First, publishing houses were bought up by international corporation who expected the same kind of investor profits as Campbell soups: that is, 10% or more. This pushed the business from a educated and possibly bankrolled gentleperson's enterprise to the ordinary commodification that in other contexts might be called "prostitution."
Second, advances for works not yet written had to be justified but works not yet written are of necessity unquantifiable. This threw the ball to the market research and fame-is-fortune people. The amounts of advances became a feature of publicity and were compromised by Hollywood-style book-keeping anyway: creative deductions for all associated costs.
Third, the whole problem of print runs, much exacerbated by the brilliant decision of the tax people to consider books inventory to be taxed and also the simple physical necessity of keeping books warm, dry, and pristine (another cost) meant a motive for short print runs and quick liquification which are deadly for books that need time to develop an audience, like Native American books. (Frankly, I think this problem alone snuffed the NA literature renaissance since back east publishers had no idea how to market NA books, therefore ordered small runs and ended them quickly to avoid risk, therefore eliminated eventual wide sales.) Again, the Hollywood model: profit in the first hours of existence.
Fourth: The corporation model required "lean and mean" staffing which meant editors who formerly developed the "house focus" by putting in many days of reading in offices were pushed out to being "agents" who had no house, no focus, no stable of faithful writers, no handholds but the necessity of earning a living. I discovered that some agents are not making a living by selling books but by kindly offering "for a fee" to rewrite over-the-transom works to make them more saleable. This was formerly called "editing" and paid for by the publisher.
Fifth: Proofing and fact-checking are time-consuming and time is money, so -- beyond maybe Spell-checking -- those quality-control elements went out the window. Anyway, fewer and fewer new hires were capable of proofing OR researching a fact, a national education failure.
Sixth: The author has to be promotable, so one strategy is to represent that books are written by popular people, though ghosted by someone else, or to represent the author as a larger-than-life person.

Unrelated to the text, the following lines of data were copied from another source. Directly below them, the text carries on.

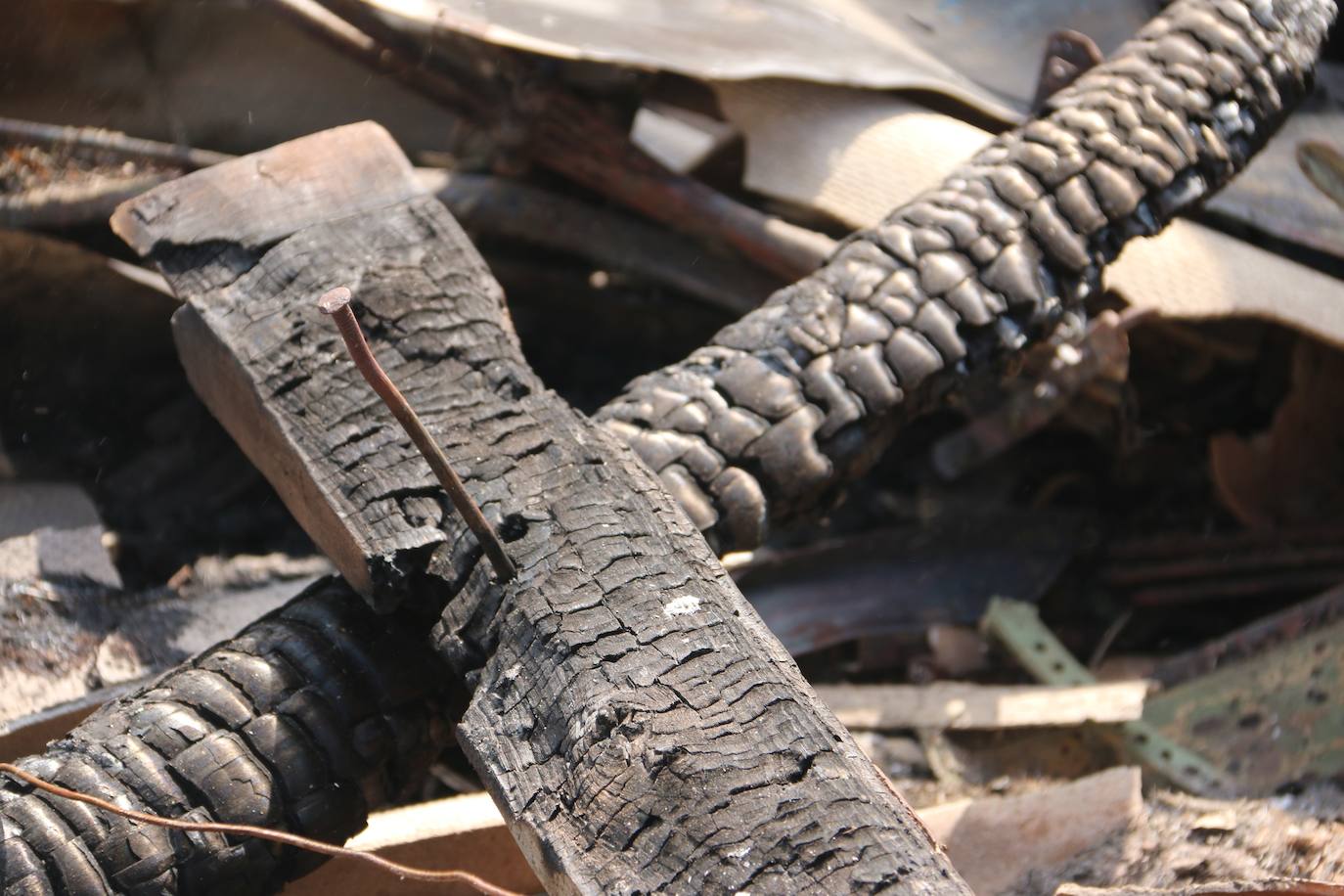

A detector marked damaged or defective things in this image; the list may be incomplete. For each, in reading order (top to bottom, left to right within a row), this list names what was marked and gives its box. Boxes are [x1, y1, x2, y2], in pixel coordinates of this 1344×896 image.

splintered wood edge [111, 118, 419, 254]
splintered wood edge [115, 118, 426, 596]
rusty nail [317, 283, 515, 585]
rusty nail in wood [320, 283, 518, 585]
burnt wooden plank [110, 124, 962, 896]
charred wooden beam [107, 124, 967, 896]
cracked charred wood surface [112, 122, 967, 891]
rusty metal sheet [362, 0, 1150, 120]
cracked charred wood surface [599, 0, 1333, 553]
charred wooden beam [599, 0, 1333, 553]
cracked charred wood surface [0, 583, 451, 896]
thin rusty wire [0, 763, 521, 896]
rusty metal sheet [1144, 620, 1344, 795]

This is the slippery slope that took us to the "packaged book" which is invented by sales people right down to hiring someone to tour around pretending to be the author. Or resourceful writers pretending to have shocking pasts.
Seventh: Publishers had somehow made a devil's pact with bookstores to allow the stores to return all unsold books. Not just the ones that are still clean, undamaged and saleable, but also the ones that have big dayglo sale stickers or are shelf-worn or that are simply in the way when it comes time to inventory for a tax-audit at the first of the year. The underside of this pact is that bookstores charge publishers to place the books favorably, as on the end of an aisle.

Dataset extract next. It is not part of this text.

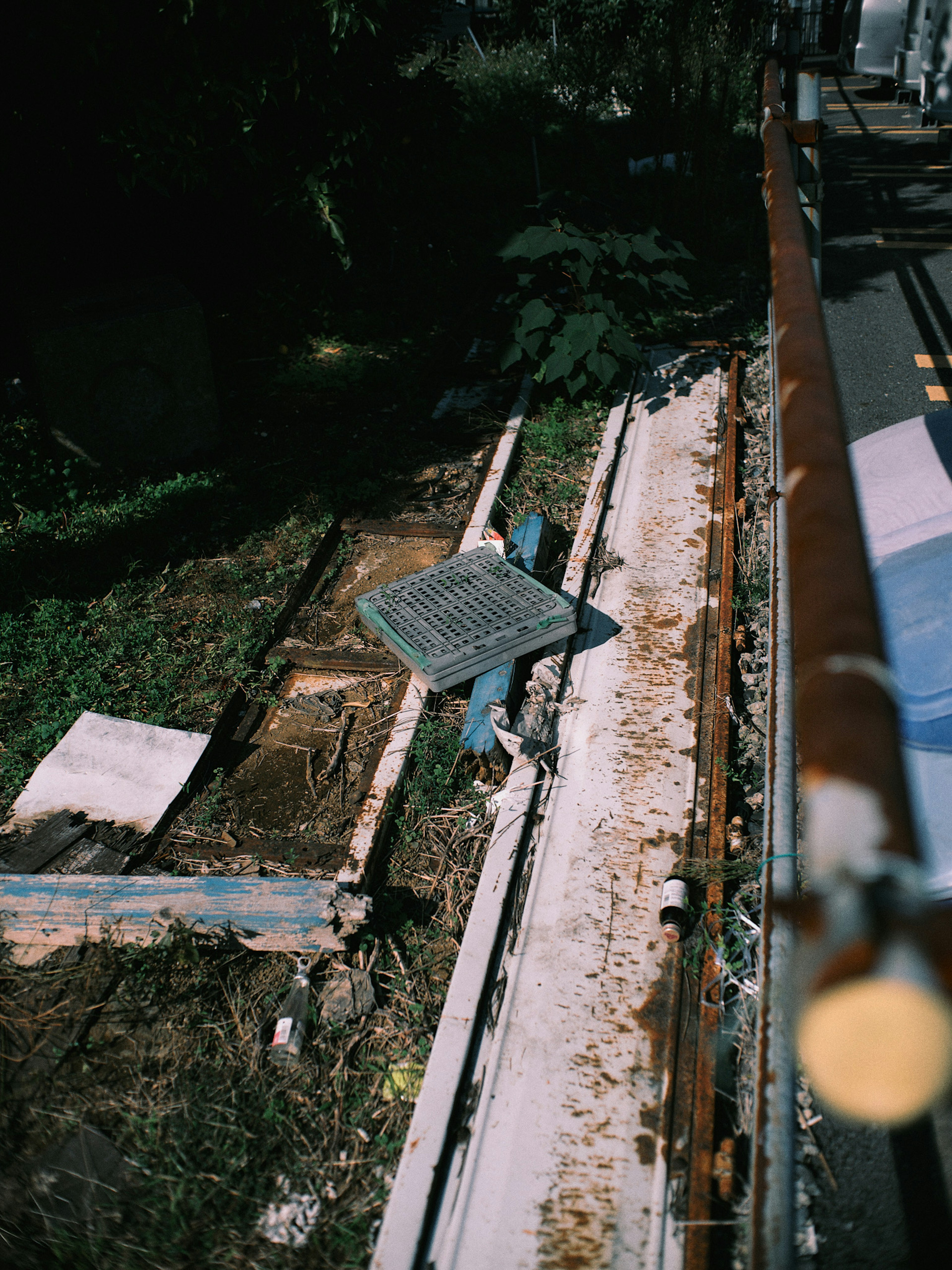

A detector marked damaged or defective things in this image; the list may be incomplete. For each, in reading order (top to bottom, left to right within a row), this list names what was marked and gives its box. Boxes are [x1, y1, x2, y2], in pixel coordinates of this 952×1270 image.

Eighth: A person who has spent his entire life in media work was recently shocked, SHOCKED to discover that publishers don't bother to spend money on promotion or ads anymore. Which has caused newspapers, whose income came from the ads, to discontinue their book review sections.
Ninth: Another little money-saving step: no money from the publisher for research or the acquisition of necessary photos or graphics. The author must foot the bill.
Tenth: When it comes to the step of selling to the public, the money-making publisher likes big chunks of sales and so sells through chains, either “book” chains like Barnes & Noble or Amazon or “Big Box” chains with special discounts like Walmart or Target. This has caused many small quality bookstores to go out of business. But the regional sales force that makes the sales to such venues are not innovative about replacing them with special interest stores (sports) or local interest stores (grocery stores on reservations).
I have beside my reading chair a book called “A Glorious Accident: Understanding Our Place in the Cosmic Puzzle” by Wim Kayzer. It’s a “tie-in” to a PBS series which was a “concept” developed by Kayzer. He invited some cutting edge thinkers to talk among themselves, something like “The Edge,” which is a website for thinkers who are a little bit “out there.” (I was clued to this book by Michael “Blowhard” of 2blowhards.com.) So this is a “tie-in” product that is “generated” rather than written because it consists of the transcriptions of Kayzer’s preliminary interviews with these quite fascinating men. The publisher is W.H. Freeman and Company, which publishes science books and engages in “custom publishing” by which they mean classroom books that are composites of other books and lab manuals tailored for specific classes. In other words, Print on Demand.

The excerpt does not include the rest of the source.